It is useful to breakdown developments in wage costs in terms of changes in employment and average wages, since the changes in these two components were in opposite directions. Employment declined in all sectors of the economy in 1993, except for construction and hotels and restaurants. For the enterprise sector as a whole, employment fell by about 7 percent. Significantly, in every sector, loss-making firms shed more labor than profit-making firms or increased employment by less. However, at the intersectoral level, there was no significant relationship between change in employment and profitability. Generally, we would expect labor intensive sectors to lead the way in labor shedding, but there was no evidence of this in the Czech enterprise sector.
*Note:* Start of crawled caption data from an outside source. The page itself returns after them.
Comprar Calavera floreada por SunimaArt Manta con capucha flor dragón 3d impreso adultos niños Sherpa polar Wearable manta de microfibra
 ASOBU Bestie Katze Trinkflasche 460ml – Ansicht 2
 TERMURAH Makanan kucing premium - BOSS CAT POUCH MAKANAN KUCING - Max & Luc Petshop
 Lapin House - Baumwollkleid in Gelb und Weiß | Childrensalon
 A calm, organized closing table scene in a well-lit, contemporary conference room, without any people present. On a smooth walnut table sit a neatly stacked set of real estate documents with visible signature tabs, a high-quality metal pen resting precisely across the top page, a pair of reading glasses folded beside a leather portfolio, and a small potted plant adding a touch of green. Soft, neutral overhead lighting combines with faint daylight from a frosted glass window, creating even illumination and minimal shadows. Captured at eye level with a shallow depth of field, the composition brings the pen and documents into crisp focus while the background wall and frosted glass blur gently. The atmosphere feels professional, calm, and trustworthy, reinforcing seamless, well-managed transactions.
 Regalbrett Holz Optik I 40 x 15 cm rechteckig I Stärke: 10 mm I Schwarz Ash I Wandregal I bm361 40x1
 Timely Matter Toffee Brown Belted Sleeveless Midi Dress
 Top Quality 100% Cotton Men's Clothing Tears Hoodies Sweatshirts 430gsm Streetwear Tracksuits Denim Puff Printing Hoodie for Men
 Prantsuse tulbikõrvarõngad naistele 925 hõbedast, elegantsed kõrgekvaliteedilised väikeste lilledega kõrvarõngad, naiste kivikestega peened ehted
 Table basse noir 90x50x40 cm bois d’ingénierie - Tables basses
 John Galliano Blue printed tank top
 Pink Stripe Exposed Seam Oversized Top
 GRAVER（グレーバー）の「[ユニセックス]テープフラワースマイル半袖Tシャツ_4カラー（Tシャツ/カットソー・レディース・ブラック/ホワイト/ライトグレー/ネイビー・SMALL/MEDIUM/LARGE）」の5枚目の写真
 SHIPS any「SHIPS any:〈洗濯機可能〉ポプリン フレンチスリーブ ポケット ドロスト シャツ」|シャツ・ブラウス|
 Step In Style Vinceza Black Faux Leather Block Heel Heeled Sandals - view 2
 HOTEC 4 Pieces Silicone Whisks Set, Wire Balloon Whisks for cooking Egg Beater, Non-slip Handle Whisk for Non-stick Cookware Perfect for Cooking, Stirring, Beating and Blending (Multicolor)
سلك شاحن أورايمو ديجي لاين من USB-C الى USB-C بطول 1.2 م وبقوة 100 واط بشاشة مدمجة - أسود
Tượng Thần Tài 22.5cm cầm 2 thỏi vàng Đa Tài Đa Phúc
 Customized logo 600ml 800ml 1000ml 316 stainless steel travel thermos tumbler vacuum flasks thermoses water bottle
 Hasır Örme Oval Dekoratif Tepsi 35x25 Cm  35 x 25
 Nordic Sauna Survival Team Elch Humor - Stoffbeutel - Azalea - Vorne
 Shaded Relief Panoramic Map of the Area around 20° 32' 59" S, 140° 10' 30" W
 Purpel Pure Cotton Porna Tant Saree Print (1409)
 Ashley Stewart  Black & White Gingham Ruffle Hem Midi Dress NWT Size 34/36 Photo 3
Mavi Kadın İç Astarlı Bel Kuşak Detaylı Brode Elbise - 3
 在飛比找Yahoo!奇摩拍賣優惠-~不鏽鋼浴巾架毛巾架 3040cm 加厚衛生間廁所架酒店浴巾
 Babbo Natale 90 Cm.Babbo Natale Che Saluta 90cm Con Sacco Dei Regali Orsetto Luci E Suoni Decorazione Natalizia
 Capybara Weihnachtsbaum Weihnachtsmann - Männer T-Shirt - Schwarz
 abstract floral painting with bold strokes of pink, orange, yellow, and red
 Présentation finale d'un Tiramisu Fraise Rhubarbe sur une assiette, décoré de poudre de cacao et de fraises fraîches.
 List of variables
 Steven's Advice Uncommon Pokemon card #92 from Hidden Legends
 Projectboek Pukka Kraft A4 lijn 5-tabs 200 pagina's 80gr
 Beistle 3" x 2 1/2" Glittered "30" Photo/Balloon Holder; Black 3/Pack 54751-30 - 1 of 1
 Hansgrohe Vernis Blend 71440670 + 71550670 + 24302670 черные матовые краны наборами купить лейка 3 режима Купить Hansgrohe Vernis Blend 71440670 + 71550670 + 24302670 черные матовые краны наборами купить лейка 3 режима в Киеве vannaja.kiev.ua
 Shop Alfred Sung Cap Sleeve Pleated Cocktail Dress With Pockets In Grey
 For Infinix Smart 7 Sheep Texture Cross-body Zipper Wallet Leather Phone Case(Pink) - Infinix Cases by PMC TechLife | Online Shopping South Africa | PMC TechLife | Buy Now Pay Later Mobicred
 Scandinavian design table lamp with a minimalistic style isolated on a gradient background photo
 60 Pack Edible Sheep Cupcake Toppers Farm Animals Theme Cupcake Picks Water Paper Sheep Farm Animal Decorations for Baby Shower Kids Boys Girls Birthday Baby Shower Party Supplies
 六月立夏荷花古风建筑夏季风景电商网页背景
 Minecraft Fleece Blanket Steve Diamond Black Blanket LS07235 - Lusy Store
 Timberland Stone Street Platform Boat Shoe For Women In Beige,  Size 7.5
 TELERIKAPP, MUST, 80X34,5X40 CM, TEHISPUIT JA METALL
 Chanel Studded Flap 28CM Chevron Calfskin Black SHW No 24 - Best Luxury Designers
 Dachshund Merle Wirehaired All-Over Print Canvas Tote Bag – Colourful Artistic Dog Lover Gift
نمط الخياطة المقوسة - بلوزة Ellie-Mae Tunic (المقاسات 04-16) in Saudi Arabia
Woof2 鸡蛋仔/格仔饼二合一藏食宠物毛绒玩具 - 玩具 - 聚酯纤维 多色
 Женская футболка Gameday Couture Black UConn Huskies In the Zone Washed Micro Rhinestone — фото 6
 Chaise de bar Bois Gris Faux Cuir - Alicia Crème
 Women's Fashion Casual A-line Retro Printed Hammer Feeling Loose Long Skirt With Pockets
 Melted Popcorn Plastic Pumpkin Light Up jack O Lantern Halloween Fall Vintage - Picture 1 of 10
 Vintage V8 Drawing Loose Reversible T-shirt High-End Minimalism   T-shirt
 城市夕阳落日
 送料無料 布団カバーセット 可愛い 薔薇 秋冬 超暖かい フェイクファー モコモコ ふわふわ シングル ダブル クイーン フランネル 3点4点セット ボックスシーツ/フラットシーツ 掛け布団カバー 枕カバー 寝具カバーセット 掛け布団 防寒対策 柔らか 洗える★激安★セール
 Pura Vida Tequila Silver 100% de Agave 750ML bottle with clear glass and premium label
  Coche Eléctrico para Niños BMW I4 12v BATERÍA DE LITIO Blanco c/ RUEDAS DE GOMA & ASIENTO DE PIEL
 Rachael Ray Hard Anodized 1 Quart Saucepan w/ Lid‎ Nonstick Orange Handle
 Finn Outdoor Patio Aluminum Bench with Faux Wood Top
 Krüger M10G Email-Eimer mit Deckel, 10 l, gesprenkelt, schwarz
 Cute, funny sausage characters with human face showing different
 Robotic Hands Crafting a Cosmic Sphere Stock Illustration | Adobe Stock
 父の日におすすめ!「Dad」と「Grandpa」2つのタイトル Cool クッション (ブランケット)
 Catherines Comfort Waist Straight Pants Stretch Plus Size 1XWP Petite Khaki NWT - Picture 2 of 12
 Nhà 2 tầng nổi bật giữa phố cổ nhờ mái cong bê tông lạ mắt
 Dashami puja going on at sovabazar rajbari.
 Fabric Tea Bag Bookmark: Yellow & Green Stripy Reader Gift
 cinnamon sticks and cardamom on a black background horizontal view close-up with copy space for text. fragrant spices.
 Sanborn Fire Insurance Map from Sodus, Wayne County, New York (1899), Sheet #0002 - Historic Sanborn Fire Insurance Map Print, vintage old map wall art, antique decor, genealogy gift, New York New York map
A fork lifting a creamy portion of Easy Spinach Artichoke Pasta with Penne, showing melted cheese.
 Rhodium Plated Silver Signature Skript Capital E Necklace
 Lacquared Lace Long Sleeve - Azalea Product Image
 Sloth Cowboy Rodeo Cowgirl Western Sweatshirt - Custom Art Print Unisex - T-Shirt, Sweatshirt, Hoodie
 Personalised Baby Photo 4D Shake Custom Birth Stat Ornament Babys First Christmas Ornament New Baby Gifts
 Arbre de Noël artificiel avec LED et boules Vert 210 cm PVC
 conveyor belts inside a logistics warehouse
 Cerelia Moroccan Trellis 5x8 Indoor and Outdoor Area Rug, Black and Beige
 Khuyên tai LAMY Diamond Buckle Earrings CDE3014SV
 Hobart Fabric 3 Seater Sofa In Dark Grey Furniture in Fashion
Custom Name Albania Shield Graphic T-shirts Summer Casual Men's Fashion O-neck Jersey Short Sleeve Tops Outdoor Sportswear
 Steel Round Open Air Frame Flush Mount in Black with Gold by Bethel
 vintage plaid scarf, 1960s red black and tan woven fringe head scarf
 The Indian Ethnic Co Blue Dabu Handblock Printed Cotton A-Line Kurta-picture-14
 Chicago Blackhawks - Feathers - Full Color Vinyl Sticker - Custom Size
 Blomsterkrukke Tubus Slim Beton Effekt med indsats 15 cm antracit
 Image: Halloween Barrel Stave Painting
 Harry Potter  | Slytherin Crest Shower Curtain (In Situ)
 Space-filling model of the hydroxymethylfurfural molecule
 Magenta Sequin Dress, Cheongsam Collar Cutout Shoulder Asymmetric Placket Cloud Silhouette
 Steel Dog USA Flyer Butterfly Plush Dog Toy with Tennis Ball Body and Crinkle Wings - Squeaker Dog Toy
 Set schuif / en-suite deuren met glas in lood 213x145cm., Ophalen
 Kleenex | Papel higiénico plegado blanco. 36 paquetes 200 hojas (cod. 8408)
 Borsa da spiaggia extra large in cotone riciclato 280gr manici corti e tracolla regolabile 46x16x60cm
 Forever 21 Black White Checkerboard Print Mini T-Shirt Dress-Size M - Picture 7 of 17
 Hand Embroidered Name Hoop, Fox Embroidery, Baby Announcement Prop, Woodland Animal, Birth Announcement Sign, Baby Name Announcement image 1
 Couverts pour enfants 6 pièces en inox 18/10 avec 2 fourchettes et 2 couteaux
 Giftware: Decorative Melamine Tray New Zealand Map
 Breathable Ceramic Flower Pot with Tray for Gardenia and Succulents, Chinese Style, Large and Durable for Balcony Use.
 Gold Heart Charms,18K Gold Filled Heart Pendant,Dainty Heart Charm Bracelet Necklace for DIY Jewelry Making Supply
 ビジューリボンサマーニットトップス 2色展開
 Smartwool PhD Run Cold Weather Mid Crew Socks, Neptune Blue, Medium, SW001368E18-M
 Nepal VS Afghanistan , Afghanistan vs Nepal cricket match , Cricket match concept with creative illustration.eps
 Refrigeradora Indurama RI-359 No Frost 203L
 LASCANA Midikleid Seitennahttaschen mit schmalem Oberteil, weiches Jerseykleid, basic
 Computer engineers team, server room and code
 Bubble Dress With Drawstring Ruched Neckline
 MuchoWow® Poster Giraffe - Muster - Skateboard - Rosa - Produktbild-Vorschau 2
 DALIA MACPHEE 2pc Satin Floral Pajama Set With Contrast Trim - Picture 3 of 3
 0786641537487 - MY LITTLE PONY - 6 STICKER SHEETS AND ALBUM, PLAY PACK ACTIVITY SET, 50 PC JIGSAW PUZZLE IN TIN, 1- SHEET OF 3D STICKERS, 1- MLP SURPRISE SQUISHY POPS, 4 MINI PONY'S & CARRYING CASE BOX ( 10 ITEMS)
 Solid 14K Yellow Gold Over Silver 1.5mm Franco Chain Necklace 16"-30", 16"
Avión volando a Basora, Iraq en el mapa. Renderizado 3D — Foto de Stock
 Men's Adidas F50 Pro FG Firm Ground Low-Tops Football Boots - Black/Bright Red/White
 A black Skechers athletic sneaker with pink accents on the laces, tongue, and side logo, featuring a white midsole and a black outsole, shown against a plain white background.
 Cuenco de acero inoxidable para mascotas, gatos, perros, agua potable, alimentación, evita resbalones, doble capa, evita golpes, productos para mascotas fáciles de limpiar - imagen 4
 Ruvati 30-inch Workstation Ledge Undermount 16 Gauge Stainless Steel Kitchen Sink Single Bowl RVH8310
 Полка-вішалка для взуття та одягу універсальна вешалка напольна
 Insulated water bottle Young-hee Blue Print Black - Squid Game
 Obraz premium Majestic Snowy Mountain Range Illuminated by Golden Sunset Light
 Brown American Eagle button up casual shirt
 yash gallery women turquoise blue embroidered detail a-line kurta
The favorable impact of lower employment was more than offset by sharply higher average wages. Average nominal wages in the enterprise sector increased by 24 percent in 1993, compared with increases of 21 percent and 16 percent, respectively, in consumer prices and the GDP deflator. Wages moved briskly in both profit-making and loss-making firms. For the enterprise sector as a whole, growth of average nominal wages in these two groups were about the same. In a number of sectors, wage growth in loss-making enterprises was higher than in profit-making firms: these include agriculture, nonmetallic mineral products, electrical equipment, transport equipment, and utilities. At the intersectoral level, there was no significant relationship between wage growth--of both nominal wages and real product wages--and profitability.

c. Depreciation

The experience of profit-making firms with regard to depreciation differed from that of loss-making firms. Among the profit-making group, depreciation as a ratio of gross fixed assets fell slightly in 1993 in a large number of sectors and in the aggregate. In contrast, depreciation increased among loss-making enterprises in virtually all sectors. This pattern reflects a younger vintage of capital for loss-making firms, 1/ which put them in a better position to take advantage of a new law introduced in 1993 permitting enterprises to calculate depreciation on an accelerated schedule. To the extent higher losses arise from increased deductions for depreciation, they do not reflect lack of adjustment.

d. Interest costs

The burden of interest costs of enterprises rose in 1993, in part due to a 1 percentage point increase in the average lending rate of banks. Relative to the value of current production, the increase in the interest costs was higher for loss-making enterprises. On average, the interest burden of loss-making firms in 1993 was twice as large as that of profit-making firms, mainly reflecting a higher level of indebtedness and, possibly, higher rates of interest.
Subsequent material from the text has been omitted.